On approved trips, legislators are paid their per day pay ($184.88 this year) for days they attend and are reimbursed for actual expenses, although some expenses are paid by the organization holding the event.
Through the first nine months of this year the cost of legislative travel is down about $36,000 compared to the first nine months of 2007, but up about $35,000 above the first nine months of 2006.
Tax increase possible
On Nov. 21 the group of economists that forecasts state revenue reported that, because of the downturn in the economy, state revenue will fall $456 million short of the revenue required by the budget in the 2008-09 fiscal year. Gov. Steve Beshear said he will order painful spending cuts and perhaps propose a tax increase to balance the budget.
Richards, who's attended 17 conferences at a cost of $25,127 according to the records, said he has talked to members about limiting travel and has turned down a few requests. Records show that he has approved no trips for the House's lame ducks but also has not established any written policy to reduce travel.
Williams said he has taken no action to reduce travel, but added, "As these times are tightening up, it could very well be that we're going to have to look at travel."
The legislature has the money to allow frequent travel because, although lawmakers cut many areas within the state budget they passed early this year, they increased their own by 7 percent.
Buford said he has gone to so many conventions partly because he heads the Senate's Banking and Insurance Committee and partly because he has a leadership role with some of the groups that hold the conferences.
"Most trips are valuable.
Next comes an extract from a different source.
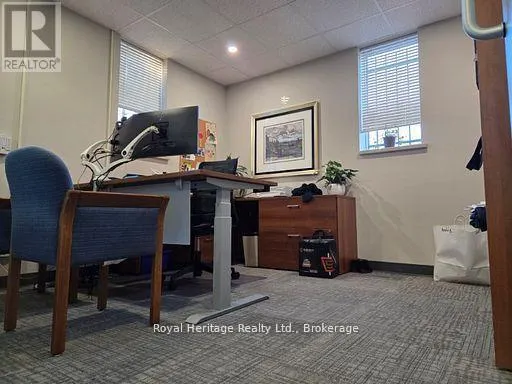 3C - 17 QUEEN STREET #3C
After a meeting you talk to legislators from other states, you learn what worked and what blew up in their face. You don't get that from reading a newspaper," Buford said.
Learning experience
Williams and Richards also say the trips are highly valuable to members, allowing them to learn of experiences in other states and hear from national experts on important issues such as education and the economy.
Williams said he approved Roeding's trips because Roeding has been very active with the national legislative groups. He said he particularly wanted to encourage participation at the National Council of State Legislatures convention in New Orleans because Kentucky will be the host for the group's meeting in 2010.
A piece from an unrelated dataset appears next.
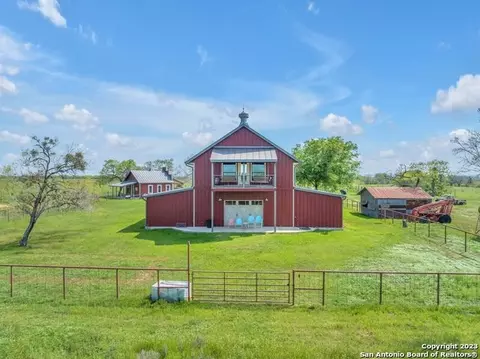 Exterior - 16547 E Gable Rd, Saint Hedwig, TX 78152 photo 1 of 7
Williams said he did not know Roeding planned to stay seven days (an unusually long trip for a legislator, records show) at two of the conventions.
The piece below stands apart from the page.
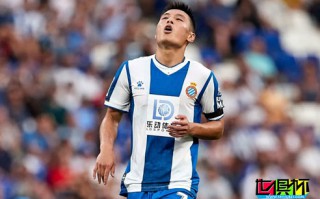 武磊替補出場表現不佳停球失誤，單刀變回傳錯失破門良機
"If I had known in advance that Dick Roeding was going to turn in seven days for each one of those, would I have encouraged him not to? Yes," Williams said.
Williams and Richards emphasized that Kentucky's participation in such organizations has paid off in real terms because Kentucky has been able to bring the Southern Legislative Conference to Louisville in 2006, a Council of State Governments conference to Lexington this year, and the National Conference of State Legislatures meeting to Louisville in 2010.
"The effort that I have made to make sure that our members participate, both Republicans and Democrats, will pay back a hundredfold because of the conferences that we have been able to recruit," Williams said.
Records show the most frequent traveler in the House is Rep. Bob Damron, a Nicholasville Democrat whose attendance at 24 meetings and conventions since Jan. 1, 2006, cost taxpayers $38,166.
Damron is chairman of the Council of State Governments' Finance Committee and is president-elect of the National Conference of Insurance Legislators (the group that held its convention in Duck Key Nov. 19 to 23) and heads the legislative committee of a group affiliated with the National Association of Insurance Commissioners.
"I work really hard at those meetings. I represent Kentucky at those meetings. I'm a national officer with some of these organizations, and I think Kentucky gets more than its money's worth when I attend these things," Damron said. "I bring a great deal of knowledge back to the commonwealth."